Scout is 10 weeks old and weights about 18 lbs. My MIL and others have commented that she is HUGE. What is the average weight of a 10 week old fb golden female? She came from a litter of only four pups so mom fed them all very well. Her mom weighed 80 lbs (full term pregnant weight) and dad is 74 lbs. Funny though that everyone who has commented on her size owns tiny lap dogs. Just curious about this though.


----------



## Joanne & Asia (Jul 23, 2007)

Asia was 10 lbs at 8 weeks and I think around 13 at 10 week. She is currently about 68 lbs at her mature weight(almost 3 yrs old) The vet says she s a few lbs overweight still.


----------



## missmarstar (Jul 22, 2007)

Sam was about 9lbs at 9 or 10 weeks... but then again, he was slightly smaller than the "norm" i think because his litter had 12 puppies in it!


----------



## gold'nchocolate (May 31, 2005)

I have 2 dogs from the same breeder.
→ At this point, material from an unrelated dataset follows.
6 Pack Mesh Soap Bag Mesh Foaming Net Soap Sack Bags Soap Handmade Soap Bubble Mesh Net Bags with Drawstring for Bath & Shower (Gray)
Biscuit was *9.5 l*bs when the breeder had him in for his 6 wk check-up. He was a big boy. Then 1-1/2 yrs later I got Sasha (not the same parents but are cousins) and she was *4.75 *lbs at 6 wks!!! She is still small for her age, I think. When she went for her booster shot at 12 wks and 3 days she weighed *13.4* lbs. Jack was even bigger than Biscuit as a pup but I don't have his weights handy. I love my giant boys and I love my tiny girl. My first golden (female) was big like a male.


----------



## annef (Feb 23, 2008)

We work on 1kg per week of age from about 6 weeks so 6 week 6 Kg which is about 13Ibs bitches slightly less Annef


----------



## JulesAK (Jun 6, 2010)

Maggie was 6.5 lbs at 9 weeks. At 2, she is 50 lbs.
Jules


----------



## Dunmar (Apr 15, 2020)

Molly was 10# at 10 weeks.

Her brother was over 20# at10 weeks.


----------